Transcribe the data in full and exactly, omitting any pictures.

##### Material provided

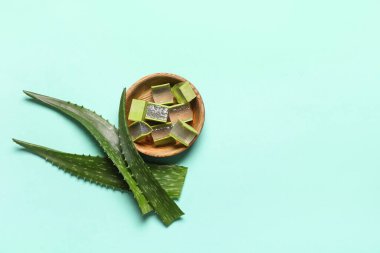 Arkaplanda taze aloe yaprakları olan bir tabak.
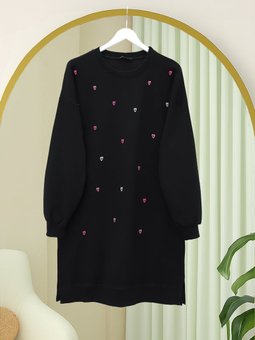 Yuvarlak Yaka Kalp Desenli Penye Siyah Tunik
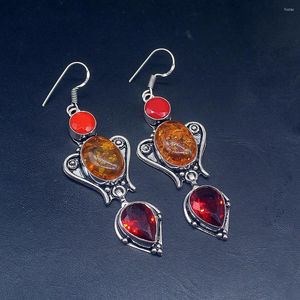 Dangle Earrings Hermosa Vintage Fashion Baltic Amber Garnet Silver Color Jewelry Gifts Drop For Women Girls 2 3/4 Inch FQ185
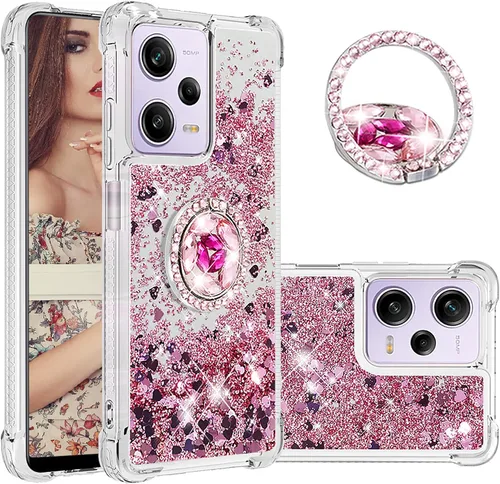 Vista 10 de CCSmall Funda transparente con purpurina para Xiaomi Redmi Note 12 Pro 5G, cubierta brillante de arena movediza líquida con soporte de anillo de Con
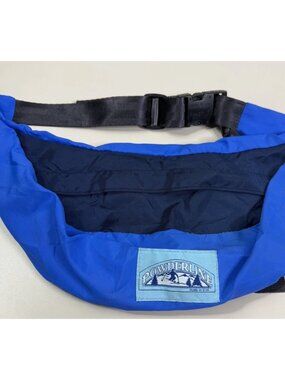 VTG Powderline Fanny Pack Blue Approx 8x16 Bag Angelfire Adjustable  GUC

##########

(Reply)
 Arkaplanda taze aloe yaprakları olan bir tabak.
 Yuvarlak Yaka Kalp Desenli Penye Siyah Tunik
 Dangle Earrings Hermosa Vintage Fashion Baltic Amber Garnet Silver Color Jewelry Gifts Drop For Women Girls 2 3/4 Inch FQ185
 Vista 10 de CCSmall Funda transparente con purpurina para Xiaomi Redmi Note 12 Pro 5G, cubierta brillante de arena movediza líquida con soporte de anillo de Con
 VTG Powderline Fanny Pack Blue Approx 8x16 Bag Angelfire Adjustable  GUC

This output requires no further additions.